Reports from those who were at the fair said the rights hall seemed 50% vacant, and indications from LBF suggest attendance was down by about one-third. Approximately 15% of the seminar program was canceled. And, although many attendees talked about the joys of having fewer meetings, the feeling that the fair was a disappointment was unavoidable. Kent Carroll, publisher of Europa Books (which publishes a number of foreign titles), made it to Europe, but said he felt there was “a severe disappointment for British publishers and agents,” many of whom, he estimated, had nearly 80% of their appointments canceled.
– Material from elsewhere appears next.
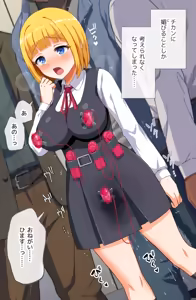 Page 851 of aneshiro - preview thumbnail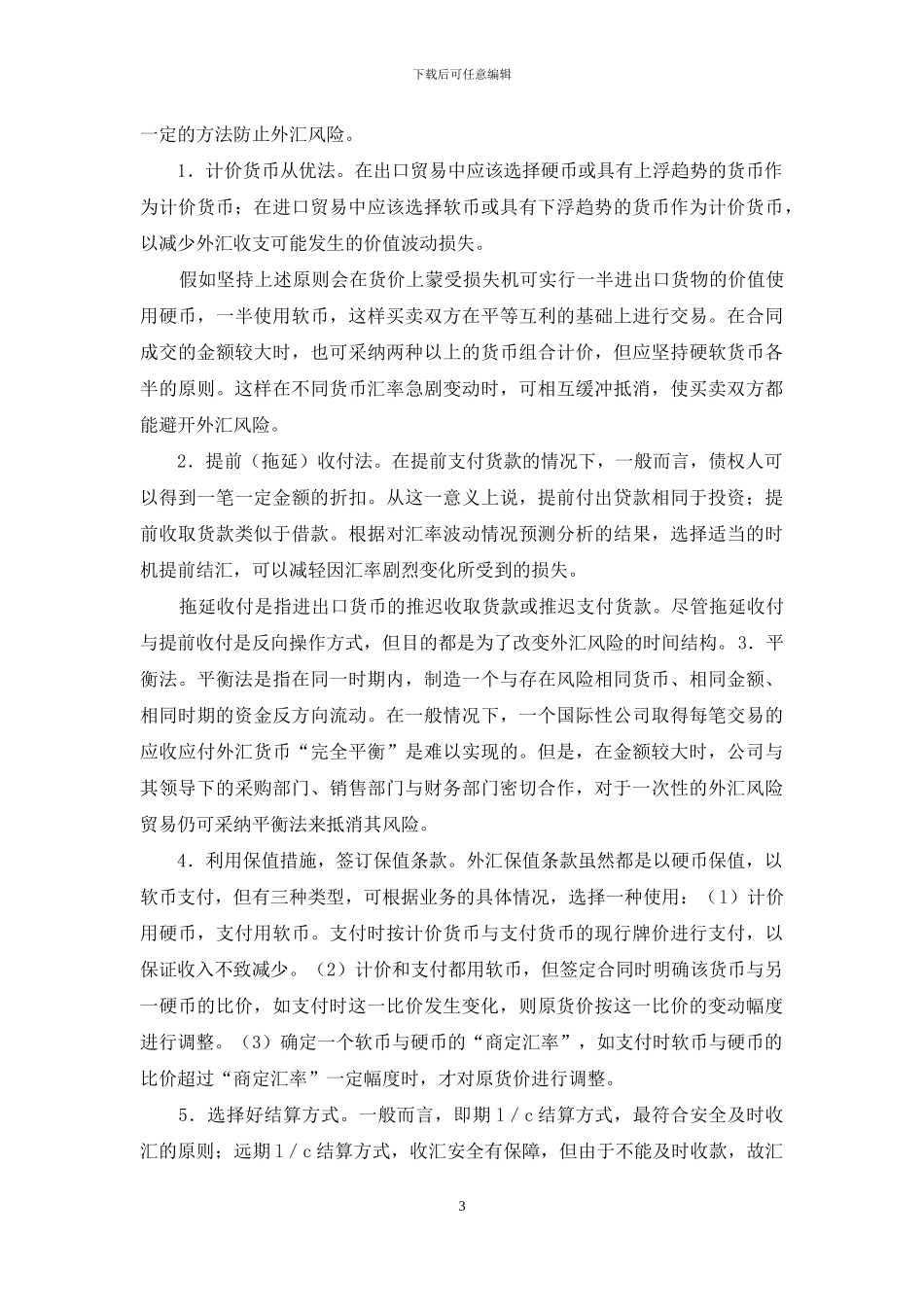 汇兑损益对企业的影响思索_第3页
Ira Silverberg, at Sterling Lord, was one of the few American agents who made it, and he said that while “some felt it was a wasted fair,” he got more “high-quality time with colleagues.”

Although most American agents said they didn't hear of a “big book” emerging from the three-day event, deals went on. One agent said the British were “in a buying mood,” and Silverberg reported closing “significant pre-empts” on Norman Doidge's The Brain That Changes Itself in Australia and the U.K. (Clare Ferraro at Viking recently acquired the book in a major deal). Trident's Ellen Levine remotely monitored a heated auction in New York for Enon, the forthcoming novel from recent Pulitzer winner Paul Harding. Although the auction had not closed by press time, word from London is that people were buzzing about the title. And though Kent Wolf of Global Literary Management did not make it to LBF, he said the e-mail auction he was conducting for U.K. rights to the Pulitzer-winning Tinkers was close to completion on Friday. (Consortium, which distributes Tinkers, reported on Friday that it was preparing to ship another 100,000 copies of the book.)

With attendance low, especially among Americans, the idea quickly emerged that BEA might draw a heavy foreign presence in May, allowing American agents and foreign industry members to do the face-to-face business they were unable to in London. A number of agents said they've already heard that more Europeans are now planning trips to New York that will coincide with BEA, but it's still a question what exactly this will mean for that trade show.

Most American agents who spoke to PW said they doubt the BEA rights center will see much action, since they will opt to take meetings in their offices, in lieu of paying for a booth at the Javits Center. And Reed Exhibitions (PW's former parent company)—which puts on both BEA and LBF—had not made clear any concrete plans about how/if it might accommodate those who couldn't attend London. Steve Rosato, who manages BEA, said he has already starting receiving requests for more exhibiting space at BEA from publishers and agents (see story, page 23). Still, many in the industry are waiting to see what, if anything, Reed will be extending in the way of potential rebates. As one agent grumbled, when asked about what BEA might offer, “Reed isn't known for being generous.”

While most agents think BEA will be busier this year—many noted that, even if their meetings aren't at the Javits Center, their foreign clients will still stop by the show—some think doing more foreign rights sales there is not ideal. Brian DeFiore, of DeFiore and Company, said it will be hard to make foreign rights appointments “since agents are often dealing with their [authors] who are in town.” DeFiore said he thinks it's more likely that “foreign editors and agents will plan a replacement trip to visit New York offices some other time during the year.”

Robert Gottlieb, who did make it to London, also thinks BEA will see a stronger foreign contingency this year. Noting that there were noticeable absences among the Scandinavians, Spanish, and Germans last week at Earls Court, the Trident chairman questioned whether a livelier BEA will make everyone reconsider the value of London. “BEA is so close to London,” Gottlieb said, “so my question is whether foreign publishers wouldn't prefer to meet [Americans] in New York [during BEA].” He added: “I think it's really important for the London Book Fair to pay attention and make themselves really relevant if they want to be an international fair as opposed to simply a British fair.”